*** Opening Records provided ***

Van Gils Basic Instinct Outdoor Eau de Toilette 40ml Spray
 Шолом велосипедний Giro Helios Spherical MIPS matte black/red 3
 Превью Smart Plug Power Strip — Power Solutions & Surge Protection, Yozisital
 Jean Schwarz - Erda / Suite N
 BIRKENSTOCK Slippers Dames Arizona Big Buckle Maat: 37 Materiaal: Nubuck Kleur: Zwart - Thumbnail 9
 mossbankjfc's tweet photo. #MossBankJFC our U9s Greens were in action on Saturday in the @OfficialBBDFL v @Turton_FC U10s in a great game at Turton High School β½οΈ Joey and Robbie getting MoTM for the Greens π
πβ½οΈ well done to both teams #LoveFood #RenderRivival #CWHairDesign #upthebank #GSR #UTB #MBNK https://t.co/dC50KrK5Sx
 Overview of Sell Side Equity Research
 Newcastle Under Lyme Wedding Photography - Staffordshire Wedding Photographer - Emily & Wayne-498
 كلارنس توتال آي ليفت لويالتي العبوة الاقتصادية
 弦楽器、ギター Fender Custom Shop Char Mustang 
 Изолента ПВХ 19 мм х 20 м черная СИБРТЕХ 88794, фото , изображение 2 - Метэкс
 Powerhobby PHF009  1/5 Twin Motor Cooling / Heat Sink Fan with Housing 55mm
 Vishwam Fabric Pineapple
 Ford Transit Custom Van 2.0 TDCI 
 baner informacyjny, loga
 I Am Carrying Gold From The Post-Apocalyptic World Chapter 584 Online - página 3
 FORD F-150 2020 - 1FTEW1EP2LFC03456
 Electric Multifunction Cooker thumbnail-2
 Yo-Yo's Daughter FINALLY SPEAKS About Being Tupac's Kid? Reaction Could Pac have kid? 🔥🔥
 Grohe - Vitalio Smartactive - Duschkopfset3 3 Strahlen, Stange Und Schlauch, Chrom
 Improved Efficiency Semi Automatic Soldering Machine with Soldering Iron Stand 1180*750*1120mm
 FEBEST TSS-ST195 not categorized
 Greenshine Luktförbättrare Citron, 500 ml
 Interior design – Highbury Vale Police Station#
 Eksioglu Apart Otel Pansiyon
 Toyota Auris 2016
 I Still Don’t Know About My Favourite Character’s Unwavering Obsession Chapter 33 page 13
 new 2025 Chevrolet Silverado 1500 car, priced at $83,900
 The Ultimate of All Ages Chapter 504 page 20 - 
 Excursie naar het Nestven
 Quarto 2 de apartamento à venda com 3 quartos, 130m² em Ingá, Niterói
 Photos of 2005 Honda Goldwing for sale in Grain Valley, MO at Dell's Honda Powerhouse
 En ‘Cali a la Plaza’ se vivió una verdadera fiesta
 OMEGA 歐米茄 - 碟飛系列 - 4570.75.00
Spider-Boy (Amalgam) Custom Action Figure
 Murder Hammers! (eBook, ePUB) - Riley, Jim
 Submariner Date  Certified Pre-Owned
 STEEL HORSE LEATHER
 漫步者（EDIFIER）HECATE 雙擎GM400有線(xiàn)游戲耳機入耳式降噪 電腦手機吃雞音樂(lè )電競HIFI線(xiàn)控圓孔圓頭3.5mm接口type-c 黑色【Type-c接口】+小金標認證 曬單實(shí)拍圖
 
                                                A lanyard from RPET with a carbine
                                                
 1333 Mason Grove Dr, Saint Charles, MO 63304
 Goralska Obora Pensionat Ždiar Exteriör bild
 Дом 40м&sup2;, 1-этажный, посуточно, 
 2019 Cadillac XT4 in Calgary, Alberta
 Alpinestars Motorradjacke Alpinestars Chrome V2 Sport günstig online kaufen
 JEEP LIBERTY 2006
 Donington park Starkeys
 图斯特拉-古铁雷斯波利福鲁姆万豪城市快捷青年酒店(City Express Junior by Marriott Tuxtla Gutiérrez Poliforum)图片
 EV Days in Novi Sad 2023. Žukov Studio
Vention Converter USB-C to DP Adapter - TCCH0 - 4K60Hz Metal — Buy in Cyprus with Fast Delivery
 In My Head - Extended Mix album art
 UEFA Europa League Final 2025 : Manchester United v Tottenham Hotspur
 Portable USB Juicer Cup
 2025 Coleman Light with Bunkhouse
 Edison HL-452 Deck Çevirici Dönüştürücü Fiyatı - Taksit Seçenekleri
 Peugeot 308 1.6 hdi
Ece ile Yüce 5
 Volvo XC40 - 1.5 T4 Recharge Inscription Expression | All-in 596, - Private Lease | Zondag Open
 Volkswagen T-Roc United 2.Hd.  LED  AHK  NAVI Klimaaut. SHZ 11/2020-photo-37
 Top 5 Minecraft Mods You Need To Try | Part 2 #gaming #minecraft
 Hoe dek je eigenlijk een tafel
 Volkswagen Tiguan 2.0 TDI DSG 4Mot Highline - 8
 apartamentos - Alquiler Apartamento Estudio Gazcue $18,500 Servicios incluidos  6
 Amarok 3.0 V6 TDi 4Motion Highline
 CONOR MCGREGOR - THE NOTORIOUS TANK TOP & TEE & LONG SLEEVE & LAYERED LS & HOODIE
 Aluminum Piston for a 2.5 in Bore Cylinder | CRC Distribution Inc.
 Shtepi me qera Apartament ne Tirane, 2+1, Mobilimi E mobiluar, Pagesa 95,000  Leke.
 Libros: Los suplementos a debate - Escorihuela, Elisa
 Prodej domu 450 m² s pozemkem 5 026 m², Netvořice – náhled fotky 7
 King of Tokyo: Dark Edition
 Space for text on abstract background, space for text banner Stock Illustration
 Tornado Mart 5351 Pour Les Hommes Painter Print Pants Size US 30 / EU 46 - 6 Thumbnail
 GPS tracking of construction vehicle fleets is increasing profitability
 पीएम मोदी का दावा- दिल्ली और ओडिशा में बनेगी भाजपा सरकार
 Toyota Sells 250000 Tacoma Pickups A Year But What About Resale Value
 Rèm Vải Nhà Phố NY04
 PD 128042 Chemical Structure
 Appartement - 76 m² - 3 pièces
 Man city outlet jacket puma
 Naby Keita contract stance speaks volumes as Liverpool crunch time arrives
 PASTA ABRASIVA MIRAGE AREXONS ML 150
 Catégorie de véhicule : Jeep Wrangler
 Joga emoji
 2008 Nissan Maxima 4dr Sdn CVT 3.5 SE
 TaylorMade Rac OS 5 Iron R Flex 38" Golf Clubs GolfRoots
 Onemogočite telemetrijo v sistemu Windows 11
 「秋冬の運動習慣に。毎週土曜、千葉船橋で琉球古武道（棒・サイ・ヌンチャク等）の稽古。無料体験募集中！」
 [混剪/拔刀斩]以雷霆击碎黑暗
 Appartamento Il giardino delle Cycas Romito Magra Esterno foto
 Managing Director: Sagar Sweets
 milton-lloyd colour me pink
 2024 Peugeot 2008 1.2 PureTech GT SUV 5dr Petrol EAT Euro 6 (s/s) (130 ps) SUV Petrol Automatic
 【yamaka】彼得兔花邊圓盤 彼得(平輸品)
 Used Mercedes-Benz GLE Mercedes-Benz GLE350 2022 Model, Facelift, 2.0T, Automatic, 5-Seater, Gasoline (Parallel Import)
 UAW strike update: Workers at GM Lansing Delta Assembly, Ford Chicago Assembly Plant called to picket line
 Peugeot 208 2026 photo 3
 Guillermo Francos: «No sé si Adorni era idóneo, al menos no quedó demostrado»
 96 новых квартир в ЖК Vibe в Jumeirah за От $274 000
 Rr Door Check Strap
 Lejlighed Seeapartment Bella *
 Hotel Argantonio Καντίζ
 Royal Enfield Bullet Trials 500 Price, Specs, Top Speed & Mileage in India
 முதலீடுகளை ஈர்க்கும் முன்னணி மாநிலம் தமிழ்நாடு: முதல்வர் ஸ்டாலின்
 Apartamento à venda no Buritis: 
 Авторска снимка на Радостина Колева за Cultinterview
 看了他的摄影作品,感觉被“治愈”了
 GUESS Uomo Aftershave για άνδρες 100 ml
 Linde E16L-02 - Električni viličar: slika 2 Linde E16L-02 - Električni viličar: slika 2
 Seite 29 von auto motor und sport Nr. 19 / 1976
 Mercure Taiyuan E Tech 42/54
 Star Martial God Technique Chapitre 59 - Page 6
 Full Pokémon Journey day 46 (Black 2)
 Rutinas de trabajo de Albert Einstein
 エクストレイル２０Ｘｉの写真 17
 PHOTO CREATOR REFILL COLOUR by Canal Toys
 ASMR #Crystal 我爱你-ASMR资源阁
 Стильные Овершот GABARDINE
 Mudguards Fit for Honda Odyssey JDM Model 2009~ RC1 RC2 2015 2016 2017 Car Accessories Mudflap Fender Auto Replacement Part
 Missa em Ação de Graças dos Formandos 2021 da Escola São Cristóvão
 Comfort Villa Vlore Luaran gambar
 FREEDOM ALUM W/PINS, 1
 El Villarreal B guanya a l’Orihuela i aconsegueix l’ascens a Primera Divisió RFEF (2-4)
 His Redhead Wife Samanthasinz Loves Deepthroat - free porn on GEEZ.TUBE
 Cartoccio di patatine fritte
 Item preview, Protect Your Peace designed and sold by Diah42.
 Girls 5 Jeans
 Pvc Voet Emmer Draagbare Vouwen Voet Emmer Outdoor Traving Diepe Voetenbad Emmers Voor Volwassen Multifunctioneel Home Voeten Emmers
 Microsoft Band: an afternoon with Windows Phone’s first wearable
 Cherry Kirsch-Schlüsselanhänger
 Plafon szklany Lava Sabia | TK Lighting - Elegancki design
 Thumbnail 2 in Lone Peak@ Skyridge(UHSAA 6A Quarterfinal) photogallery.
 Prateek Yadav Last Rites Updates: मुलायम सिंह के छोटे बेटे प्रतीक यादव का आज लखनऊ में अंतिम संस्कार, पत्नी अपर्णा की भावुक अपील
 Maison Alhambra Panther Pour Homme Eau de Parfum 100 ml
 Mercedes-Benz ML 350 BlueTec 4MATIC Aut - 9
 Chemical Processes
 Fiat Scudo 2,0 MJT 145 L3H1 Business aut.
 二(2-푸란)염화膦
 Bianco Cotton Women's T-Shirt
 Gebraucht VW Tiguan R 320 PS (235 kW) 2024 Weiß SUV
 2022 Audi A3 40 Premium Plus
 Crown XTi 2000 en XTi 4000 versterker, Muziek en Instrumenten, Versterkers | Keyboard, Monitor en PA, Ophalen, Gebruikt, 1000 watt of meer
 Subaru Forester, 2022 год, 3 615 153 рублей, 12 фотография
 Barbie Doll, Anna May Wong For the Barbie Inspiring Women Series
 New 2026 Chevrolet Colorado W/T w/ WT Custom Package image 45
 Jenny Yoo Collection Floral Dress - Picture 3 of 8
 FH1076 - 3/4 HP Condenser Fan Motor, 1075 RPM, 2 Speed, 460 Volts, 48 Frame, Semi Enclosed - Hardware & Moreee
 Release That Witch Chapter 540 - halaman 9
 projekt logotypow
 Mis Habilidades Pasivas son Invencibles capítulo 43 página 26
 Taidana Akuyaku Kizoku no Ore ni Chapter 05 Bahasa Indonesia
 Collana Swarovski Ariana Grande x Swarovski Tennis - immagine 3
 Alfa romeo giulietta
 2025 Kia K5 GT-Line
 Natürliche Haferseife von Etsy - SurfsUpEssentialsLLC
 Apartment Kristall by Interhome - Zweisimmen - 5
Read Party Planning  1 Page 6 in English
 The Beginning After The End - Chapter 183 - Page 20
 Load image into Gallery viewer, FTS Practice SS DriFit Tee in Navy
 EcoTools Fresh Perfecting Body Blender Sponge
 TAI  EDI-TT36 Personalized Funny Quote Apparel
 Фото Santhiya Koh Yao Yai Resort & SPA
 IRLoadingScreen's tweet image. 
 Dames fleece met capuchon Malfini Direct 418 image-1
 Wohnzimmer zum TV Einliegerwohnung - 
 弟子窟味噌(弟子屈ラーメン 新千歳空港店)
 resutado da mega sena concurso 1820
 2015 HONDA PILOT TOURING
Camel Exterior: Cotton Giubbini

*** Closing Records provided ***

Task objective ▸ Give the number of lines that contain "Toyota" in the material above, with no other text.

Exercise answer ▸ 2